◆ Task brief ◆
Range to output from the entries below: the line containing "For Sale: $159,900" through the line containing "Used 2024 Kia Carnival EX image 4". Set it down exactly, ends included, nothing else.

◆ Data to examine ◆
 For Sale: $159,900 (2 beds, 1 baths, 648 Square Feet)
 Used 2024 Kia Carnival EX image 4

...

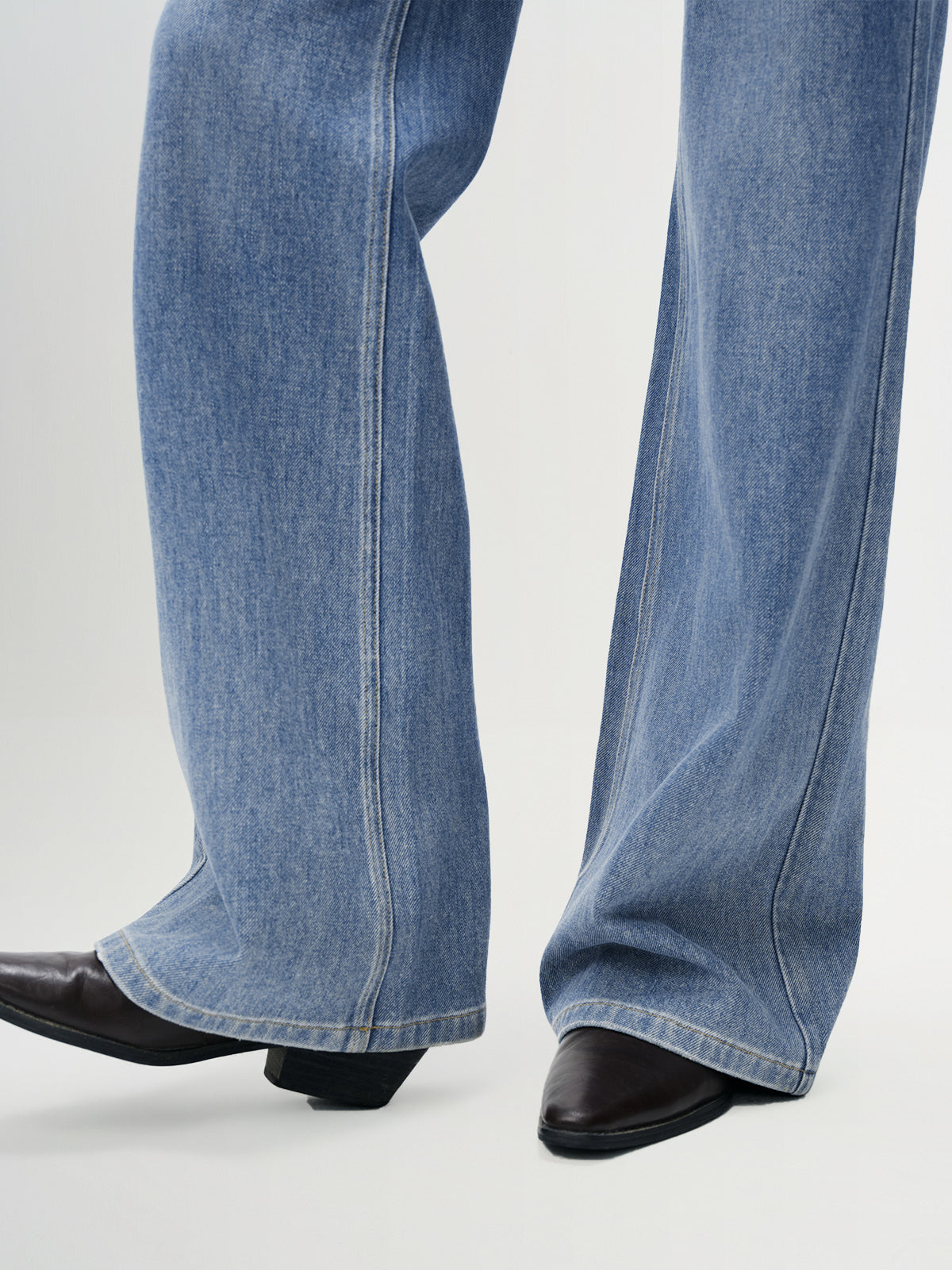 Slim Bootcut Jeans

--

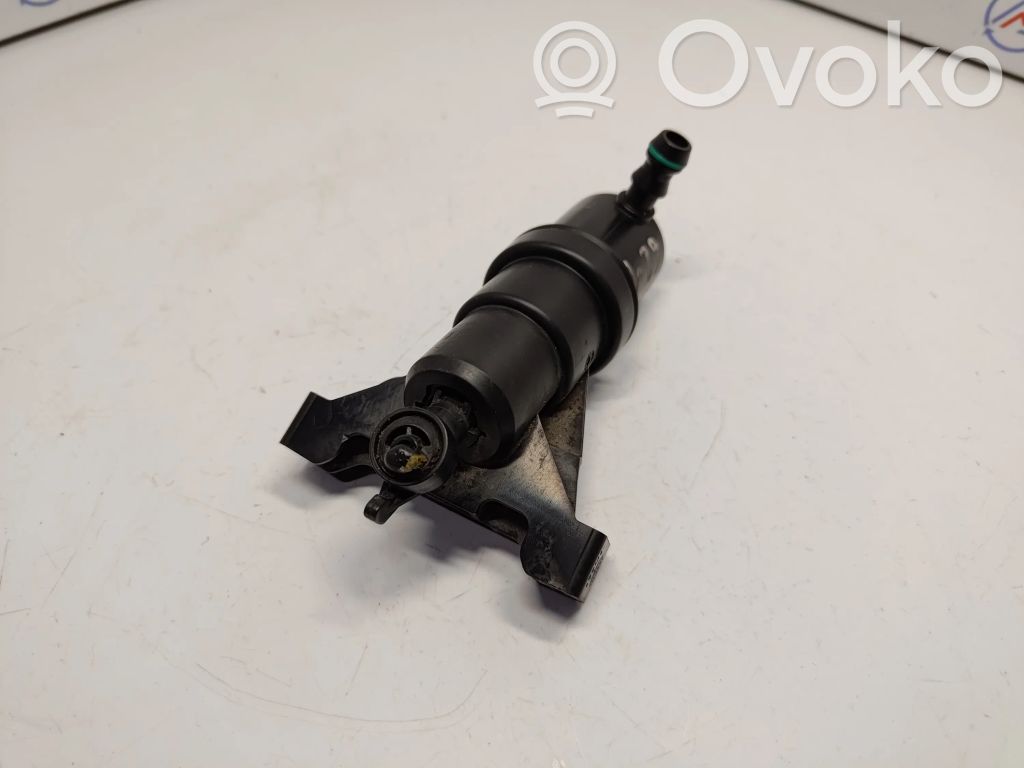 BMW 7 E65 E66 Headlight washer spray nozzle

◆ Completed exercise ◆
 For Sale: $159,900 (2 beds, 1 baths, 648 Square Feet)
 Used 2024 Kia Carnival EX image 4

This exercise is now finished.